Ok. There is much more to know about HRD technology than that single page explains, but that covers the basics. I just want to explain an idea i had for HL2, if not for a mod.

Gabe Newell has said on a couple occaisons that High Dynamic Range technology had been added to HL2. It's a DirectX 9 only feature, and he never really said how it was being worked in. Here's a brief description.

You're walking around with a camcorder. when you walk outside, everything looks fine. the sun shines on the street, and the video looks just like what you see. when you point that camera at the entrance to your house, however, all the camera can see is blackness. walk into the doorway, and it will be black right up until you walk in the door, at which point the camera will change it's exposure and things will lighten up until you can see indoors again. point the camera from inside the room at a window or door? it will be blown out completely white.

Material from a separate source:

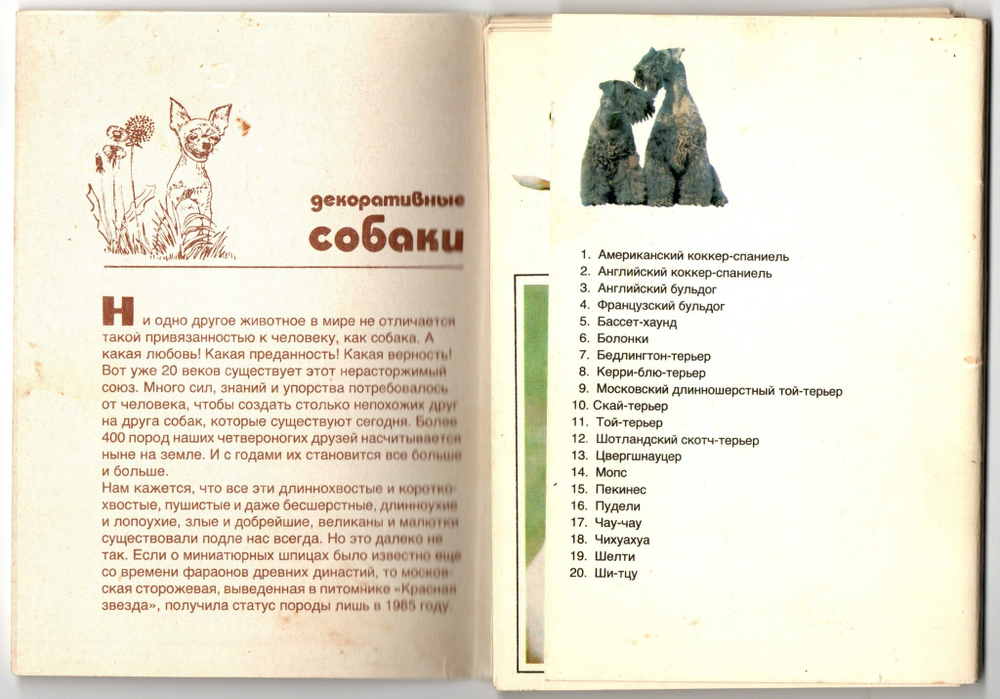 Наборы из 50 открыток СССР "Рига" 1989 год, "Кострома" 1984 год и "Наши верные друзья" - декоративные собаки 1991 год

why is this? because the world has a high dynamic range, (like HDR graphics) and the camcorder has a limited range (like your monitor). If everything in HL2 was programmed with a realistic range of values, with the sun at the brightest, and dark night at the darkest, then with HDR technology, it's possible that we could get a camcorder (or human pupil) effect. this would be a HUGE step in the direction of photorealistic graphics. i don't really know how to explain this in a better way, but i feel like the potential is enormous.

If you don't understand, forgive my excited rambling, but if you do, i think you'll realize the significance of HDR. I've e-mailed Gabe twice about this, and both times i've gotten no response.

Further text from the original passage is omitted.